Last year, 130,000 youngsters aged 19 and under died from AIDS, while 430,000 -- almost 50 every hour -- were newly infected, the agency said.

While AIDS-related deaths have decreased since 2010 in all other age groups, among older adolescents aged 15 to 19 they have remained stubbornly constant.

About 1.2 million 15- to 19-year-olds were living with the immune system-destroying virus in 2017, three in five of them girls, said UNICEF.

"The epidemic's spread among adolescent girls is being fuelled by early sex, including with older males, forced sex, powerlessness in negotiating about sex, poverty, and lack of access to confidential counselling and testing services," it pointed out.

Actress and activist Charlize Theron raised the issue in an address to conference delegates on Tuesday.

Read also: Prince Harry joins Elton John to launch HIV campaign targeting men

Youth bulge 

The AIDS epidemic is "not just about sex or sexuality," the South African celebrity said. "We know it is linked to the second-class status of women and girls worldwide."

Robert Matiru, director of operations for Unitaid, which funds HIV drug projects, said young people are disproportionately affected by the epidemic that has claimed some 35 million lives since it erupted in the 1980s.

"They are the most affected now, across sub-Saharan Africa in particular," he told AFP.

"Unless we can reach young people and curb the epidemic among them... then we're not going to meet the targets" of the UN to end AIDS as a public health threat by 2030.

This requires limiting infections to 500,000 per year by 2020, yet last year they numbered 1.8 million.

A recent report of the International AIDS Society (IAS) highlighted the epidemic's "extraordinary impact" on adolescent girls and young women.

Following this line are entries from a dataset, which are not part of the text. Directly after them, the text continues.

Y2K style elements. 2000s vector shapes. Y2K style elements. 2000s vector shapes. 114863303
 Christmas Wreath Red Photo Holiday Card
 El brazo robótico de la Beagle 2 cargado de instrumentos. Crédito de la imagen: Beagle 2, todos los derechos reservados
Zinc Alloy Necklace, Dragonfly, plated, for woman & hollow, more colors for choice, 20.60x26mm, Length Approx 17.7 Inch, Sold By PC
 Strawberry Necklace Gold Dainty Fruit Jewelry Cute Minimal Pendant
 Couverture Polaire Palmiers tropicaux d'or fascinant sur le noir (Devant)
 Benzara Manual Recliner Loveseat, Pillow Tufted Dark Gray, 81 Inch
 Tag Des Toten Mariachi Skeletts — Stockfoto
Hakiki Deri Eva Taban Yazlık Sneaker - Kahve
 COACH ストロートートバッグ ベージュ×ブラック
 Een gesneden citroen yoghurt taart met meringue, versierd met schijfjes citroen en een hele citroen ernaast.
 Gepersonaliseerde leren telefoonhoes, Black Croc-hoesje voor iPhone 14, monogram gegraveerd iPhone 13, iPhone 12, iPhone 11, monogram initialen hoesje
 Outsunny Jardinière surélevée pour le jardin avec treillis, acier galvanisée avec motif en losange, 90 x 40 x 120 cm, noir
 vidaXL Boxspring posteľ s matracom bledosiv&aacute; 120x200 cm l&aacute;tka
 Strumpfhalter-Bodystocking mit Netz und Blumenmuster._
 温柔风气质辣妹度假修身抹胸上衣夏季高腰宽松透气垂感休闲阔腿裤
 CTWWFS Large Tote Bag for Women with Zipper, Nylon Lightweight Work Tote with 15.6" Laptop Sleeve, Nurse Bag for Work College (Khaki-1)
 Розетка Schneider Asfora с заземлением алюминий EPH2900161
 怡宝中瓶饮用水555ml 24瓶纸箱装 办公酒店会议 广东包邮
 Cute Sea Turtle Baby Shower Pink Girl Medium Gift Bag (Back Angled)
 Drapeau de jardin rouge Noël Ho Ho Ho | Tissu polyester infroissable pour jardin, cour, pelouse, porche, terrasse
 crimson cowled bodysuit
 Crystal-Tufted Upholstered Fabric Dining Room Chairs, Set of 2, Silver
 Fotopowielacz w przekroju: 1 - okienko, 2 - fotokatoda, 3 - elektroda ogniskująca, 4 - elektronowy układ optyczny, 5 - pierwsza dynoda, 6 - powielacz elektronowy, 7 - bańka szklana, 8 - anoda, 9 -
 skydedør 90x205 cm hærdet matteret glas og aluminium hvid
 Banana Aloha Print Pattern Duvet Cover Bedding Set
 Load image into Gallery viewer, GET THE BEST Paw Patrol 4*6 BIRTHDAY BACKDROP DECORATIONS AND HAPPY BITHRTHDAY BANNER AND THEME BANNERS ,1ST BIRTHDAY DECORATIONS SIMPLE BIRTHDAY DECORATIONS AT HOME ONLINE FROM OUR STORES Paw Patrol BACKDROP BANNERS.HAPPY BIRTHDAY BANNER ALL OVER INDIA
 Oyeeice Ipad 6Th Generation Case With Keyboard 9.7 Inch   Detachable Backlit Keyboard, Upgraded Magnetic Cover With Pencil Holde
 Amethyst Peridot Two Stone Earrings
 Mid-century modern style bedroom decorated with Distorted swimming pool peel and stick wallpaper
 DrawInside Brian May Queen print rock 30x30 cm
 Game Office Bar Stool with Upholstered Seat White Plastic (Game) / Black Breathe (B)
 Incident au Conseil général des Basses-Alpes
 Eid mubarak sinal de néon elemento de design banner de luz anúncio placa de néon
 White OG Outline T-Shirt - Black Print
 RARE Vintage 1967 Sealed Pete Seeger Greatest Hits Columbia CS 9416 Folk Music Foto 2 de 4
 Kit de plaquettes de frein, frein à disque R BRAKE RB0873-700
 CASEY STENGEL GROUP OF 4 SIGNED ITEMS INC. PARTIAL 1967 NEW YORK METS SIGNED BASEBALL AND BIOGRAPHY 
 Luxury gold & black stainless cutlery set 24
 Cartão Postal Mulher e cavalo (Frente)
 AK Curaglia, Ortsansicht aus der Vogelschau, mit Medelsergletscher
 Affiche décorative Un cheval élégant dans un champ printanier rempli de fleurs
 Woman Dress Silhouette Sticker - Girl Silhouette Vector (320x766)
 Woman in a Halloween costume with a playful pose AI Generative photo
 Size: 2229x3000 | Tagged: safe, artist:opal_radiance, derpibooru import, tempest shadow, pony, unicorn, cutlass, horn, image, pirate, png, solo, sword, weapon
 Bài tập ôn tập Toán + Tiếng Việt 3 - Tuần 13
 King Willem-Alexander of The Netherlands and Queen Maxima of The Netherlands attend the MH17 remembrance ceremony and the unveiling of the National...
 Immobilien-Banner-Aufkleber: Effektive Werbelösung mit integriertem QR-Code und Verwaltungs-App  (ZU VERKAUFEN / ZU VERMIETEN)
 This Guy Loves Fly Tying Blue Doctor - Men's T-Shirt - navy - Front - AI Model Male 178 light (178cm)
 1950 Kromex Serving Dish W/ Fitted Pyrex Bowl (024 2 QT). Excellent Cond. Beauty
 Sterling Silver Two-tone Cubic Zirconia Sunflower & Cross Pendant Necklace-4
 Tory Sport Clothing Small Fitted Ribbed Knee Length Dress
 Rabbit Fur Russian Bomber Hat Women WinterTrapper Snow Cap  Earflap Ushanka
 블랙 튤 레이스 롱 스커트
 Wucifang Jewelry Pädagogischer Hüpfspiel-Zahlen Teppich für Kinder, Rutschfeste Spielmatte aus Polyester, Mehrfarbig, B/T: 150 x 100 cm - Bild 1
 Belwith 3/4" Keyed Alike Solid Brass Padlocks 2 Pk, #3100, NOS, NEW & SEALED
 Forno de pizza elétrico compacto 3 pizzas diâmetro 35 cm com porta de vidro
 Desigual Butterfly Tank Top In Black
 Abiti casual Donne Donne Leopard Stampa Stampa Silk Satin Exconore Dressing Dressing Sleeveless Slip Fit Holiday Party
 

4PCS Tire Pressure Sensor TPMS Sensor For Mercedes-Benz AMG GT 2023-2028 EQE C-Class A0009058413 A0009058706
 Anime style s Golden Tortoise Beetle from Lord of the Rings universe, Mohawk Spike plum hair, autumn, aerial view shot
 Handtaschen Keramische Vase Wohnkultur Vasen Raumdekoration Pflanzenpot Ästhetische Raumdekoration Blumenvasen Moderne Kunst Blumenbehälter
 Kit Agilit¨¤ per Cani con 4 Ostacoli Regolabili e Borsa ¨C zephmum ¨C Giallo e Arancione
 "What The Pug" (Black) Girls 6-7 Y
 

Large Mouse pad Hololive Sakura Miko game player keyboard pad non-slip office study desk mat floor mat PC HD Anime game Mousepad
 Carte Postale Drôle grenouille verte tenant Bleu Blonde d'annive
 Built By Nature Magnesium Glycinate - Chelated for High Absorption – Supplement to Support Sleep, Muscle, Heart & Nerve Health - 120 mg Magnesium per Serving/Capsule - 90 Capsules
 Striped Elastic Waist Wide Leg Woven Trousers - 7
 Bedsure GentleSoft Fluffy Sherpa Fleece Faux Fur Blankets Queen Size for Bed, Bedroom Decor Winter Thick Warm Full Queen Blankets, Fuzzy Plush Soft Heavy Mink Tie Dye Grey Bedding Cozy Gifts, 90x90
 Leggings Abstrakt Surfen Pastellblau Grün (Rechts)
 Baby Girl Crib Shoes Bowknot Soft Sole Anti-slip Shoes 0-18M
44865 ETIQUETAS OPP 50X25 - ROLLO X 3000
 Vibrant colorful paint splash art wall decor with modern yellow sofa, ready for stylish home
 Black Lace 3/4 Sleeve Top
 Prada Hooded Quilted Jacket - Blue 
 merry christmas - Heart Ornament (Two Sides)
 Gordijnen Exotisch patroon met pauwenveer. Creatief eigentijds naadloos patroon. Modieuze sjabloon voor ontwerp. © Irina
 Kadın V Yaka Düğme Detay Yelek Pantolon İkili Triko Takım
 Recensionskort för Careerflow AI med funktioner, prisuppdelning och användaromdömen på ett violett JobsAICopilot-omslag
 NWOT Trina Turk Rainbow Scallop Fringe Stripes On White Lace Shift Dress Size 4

"Four in 10 adolescent girls (aged 15-19) in Africa have experienced physical or sexual violence from an intimate partner, and the evidence is that gender-based violence is associated with a significantly greater risk of acquiring HIV," it said.

"Yet few countries have invested in comprehensive programmes to combat gender-based violence or to ensure ready access to adolescent-friendly sexual and reproductive health services."

According to IAS president Linda-Gail Bekker, "in young people, it (the AIDS epidemic) is far from over."

"In certain parts of the world we are about to go into the youth bulge, so we'll have more young people than we've ever had in the world before," she told AFP.

"Young people have grown up, they are incredibly mobile, they are moving, they have forgotten that HIV is a risk factor... we can't let up on that message, otherwise it just blows up again."